• _Dataset section_:
◇ ◇ ◇
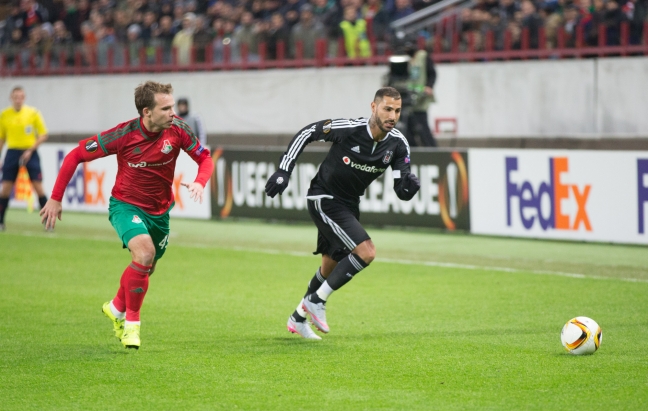 15-10/22/c125a98f3f4b004828908abd0b7d9df7-1445540930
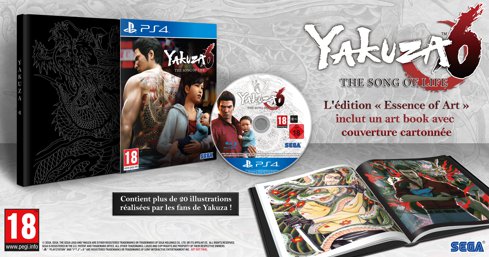 yakuza602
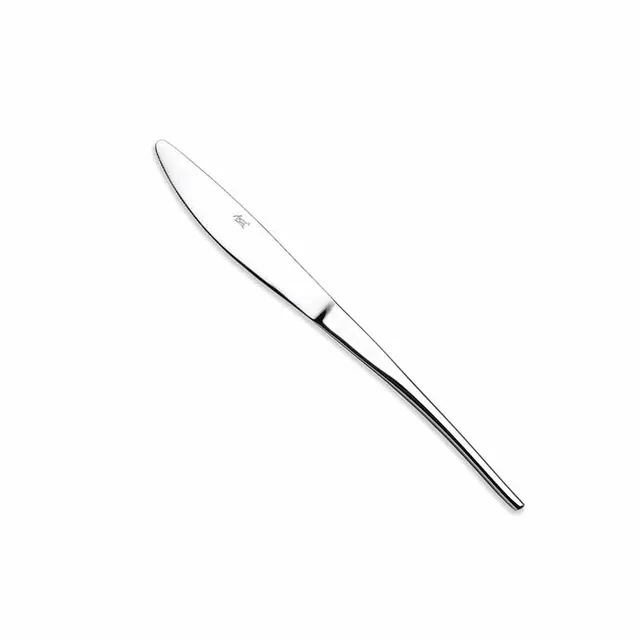 Artis Tura couteau de table 23,6 cm
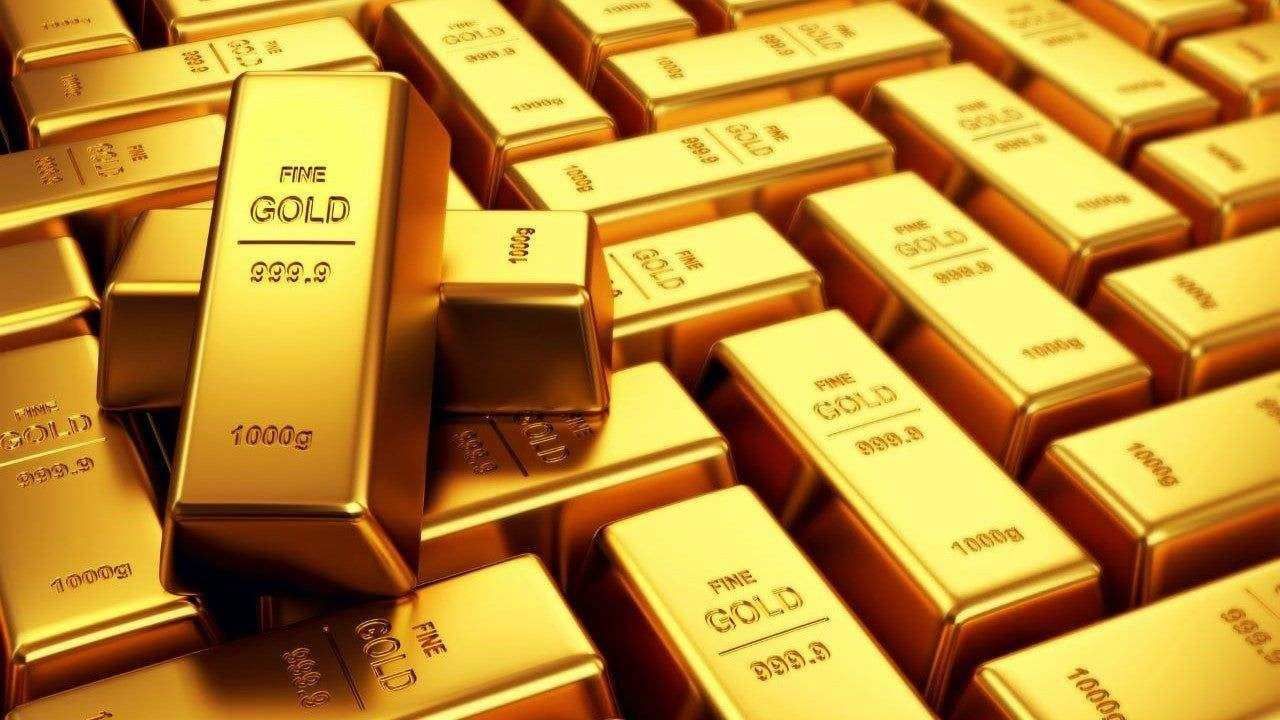Gold Price Today : સોનું ફરી 50,000 તરફ આગળ વધી રહ્યું છે? જાણો આજના લેટેસ્ટ રેટ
◇ ◇ ◇
• _What you need to do_:
Transcribe everything above exactly. Do not include the pictures.

• _Task result_:
 15-10/22/c125a98f3f4b004828908abd0b7d9df7-1445540930
 yakuza602
 Artis Tura couteau de table 23,6 cm
Gold Price Today : સોનું ફરી 50,000 તરફ આગળ વધી રહ્યું છે? જાણો આજના લેટેસ્ટ રેટ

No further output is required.